Written August 29, 2018. Tagged Ruby.
In Ruby, an include
will include all methods from that module. If you only really need one or two of the methods, it can feel messy to include all of them.
Here's a trick:
module MyModule
def the_method_i_want
"Hello!"
end
def method_i_do_not_want
"I don't think so."
end
end
class MyClass
def run_demo
# You can call the helper object explicitly:
helpers.the_method_i_want
# Or delegate (see below):
the_method_i_want
# This won't be available:
method_i_do_not_want
end
private
def helpers
@helpers ||= Object.new.extend(MyModule)
end
extend Forwardable
def_delegator :helpers, :the_method_i_want
# In Ruby on Rails, you could instead delegate with:
delegate :the_method_i_want, to: :helpers
end
MyClass.new.run_demo
Instead of including the module in your class, we create a new object instance for the purpose.
Since we're dealing with an object instance and not a class, we need to extend
rather than include
.
We use rose memoization (@helpers ||= …
) so a new object is not created on every call.

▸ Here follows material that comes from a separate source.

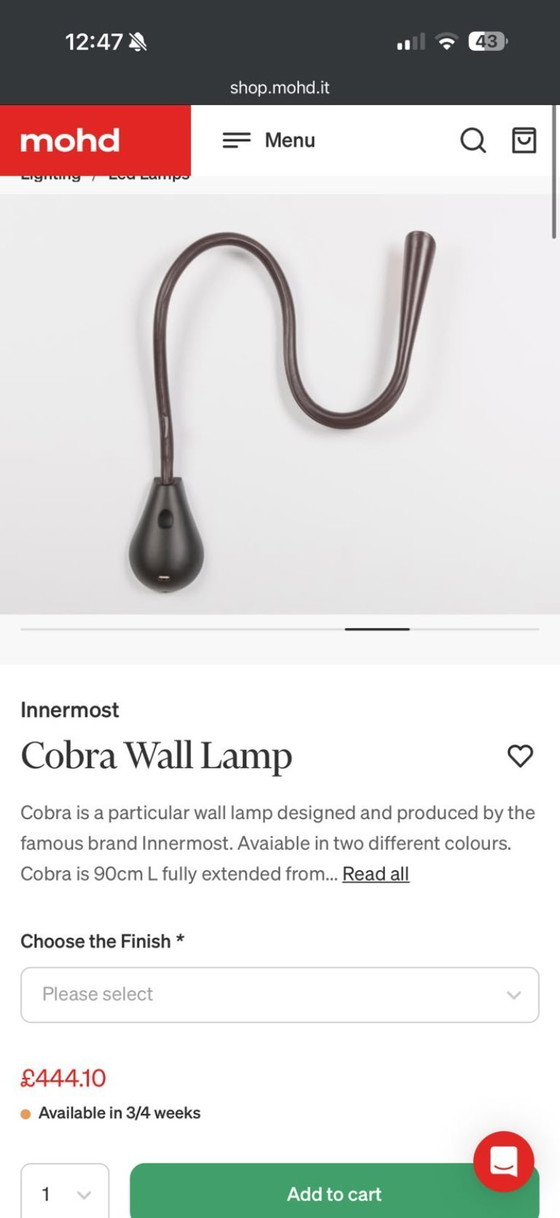 Image 1 of Innermost Cobra 3.0 Leder 90cm LED Wandlamp Bruin BNIB Adviesprijs £349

A related trick is that you can extend a module with itself to make its instance methods available as module-level methods ("class methods"):
MyModule.extend(MyModule)
class MyClass
def run_demo
# You can call it directly on the module:
MyModule.the_method_i_want
# Or delegate (see below):
the_method_i_want
end
private
extend Forwardable
def_delegator :MyModule, :the_method_i_want
# In Ruby on Rails, you could instead delegate with:
delegate :the_method_i_want, to: :MyModule
end
This feels a bit dirtier to me, since MyModule
stays extended forever, having all those extra methods on the class level.
It's essentially the same as the first trick, but instead of dumping all those methods in a fresh new internal object made for the purpose, we dump them in the globally available module itself. For quick-and-dirty jobs, though, it can be handy.
If you want to use this to for routes or view helpers in Ruby on Rails, you'll be pleased to know that Rails already provides objects with the methods mixed in: Rails.application.routes.url_helpers
for routes and ApplicationController.helpers
for helpers. These have been known to move around a bit between Rails versions, so you may need to track down the right incantation for the one you're on.